RALEIGH, N.C. — Progress Energy plans to mothball 11 coal-burning power plants in the state, a move that signals the beginning of the end of the era of cheap coal that has defined the state's electricity production for decades.
The Raleigh electric utility is moving to shutter older coal-burning plants because it's becoming too expensive to modify the older plants to comply with ever-tougher environmental regulations. The aging plants, including one in Chatham County, produce 12.5 percent of the power company's electricity but lack pollution-trapping "scrubber" technology.
Progress officials anticipate a slew of new federal restrictions on air pollution that crosses state lines, on mercury emissions and on waste pits that store coal ash.
For the power company it came down to simple math. The cost of replacing those plants with new ones mostly fueled by natural gas would be about $1.5 billion. The cost of retrofitting all 11 of the old coal-burning plants to cut emissions is at least $2 billion and rising.
"We would have had to put some kind of environmental retrofits on all these plants eventually," said Lloyd Yates, chief executive of Progress Energy's operations in the Carolinas.

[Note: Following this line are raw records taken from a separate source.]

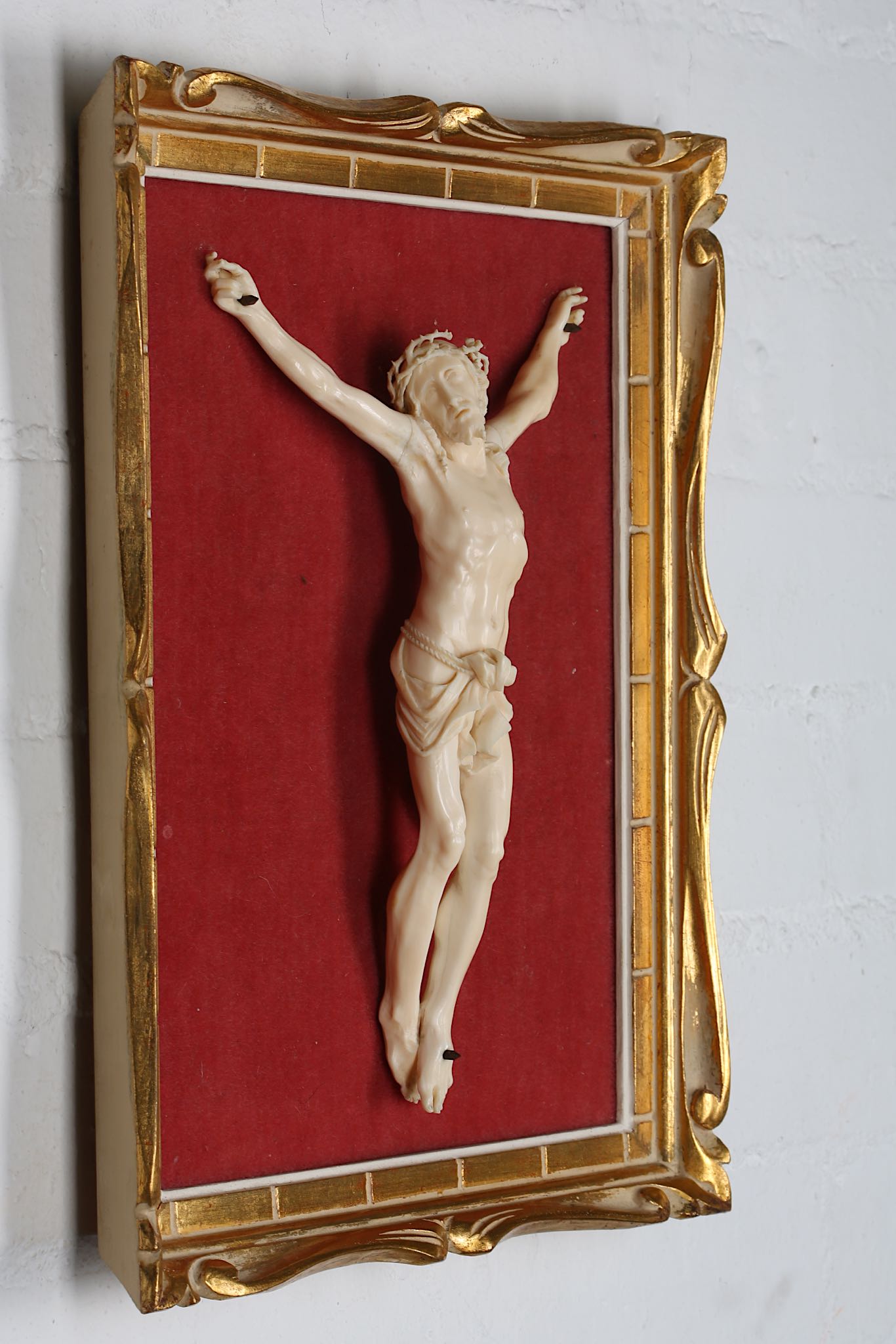 TWO 19TH CENTURY NORTH EUROPEAN IVORY CORPUS CHRISTIS both of similar form with Christ's head turned - Image 3 of 5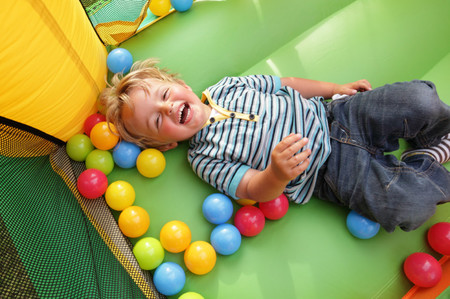 En qué debemos fijarnos antes de que los niños se suban a un castillo hinchable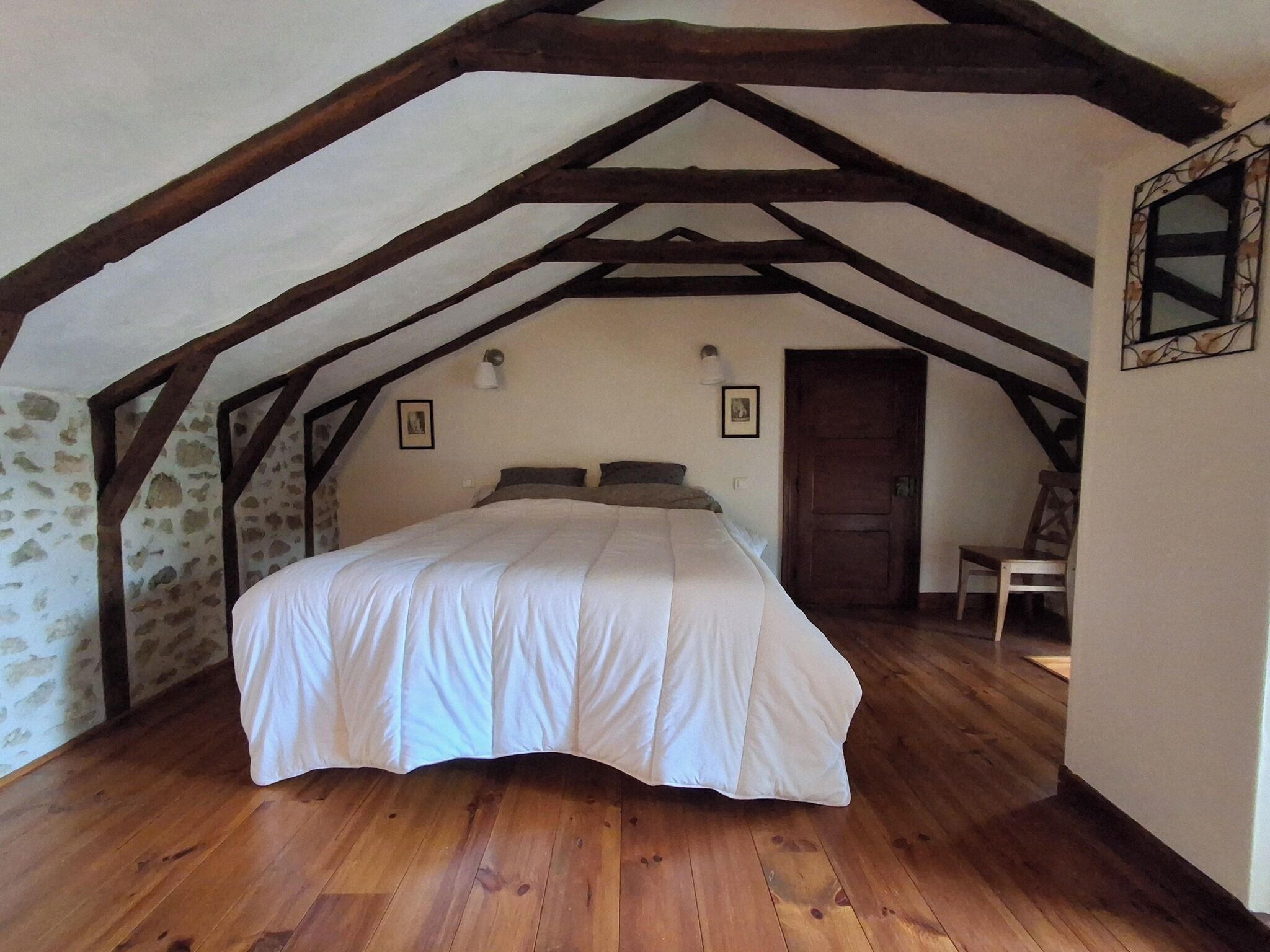 1 slaapkamer, een bureau, een strijkplank/strijkijzer, gratis wifi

Additionally, Congress is debating proposals that would require cutting greenhouse gas emissions by at least 80 percent, with penalties for noncompliance. Currently there is no technology commercially available that can trap greenhouse gas emissions.
That creates enormous challenges for North Carolina, a state in which more than half the electricity is generated from coal. An abundant domestic source of energy, coal is also a major source of global warming.
The United States has more than 200 years of available coal reserves, but in recent years dozens of power companies have scrapped plans to build coal-fired power plants because of concern about global warming, air pollution and mining practices that strip mountain tops.
Progress, which had previously vowed not to build another coal-burning power plant, is now going further and dismantling existing ones. The request must still be approved by the N.C. Utilities Commission.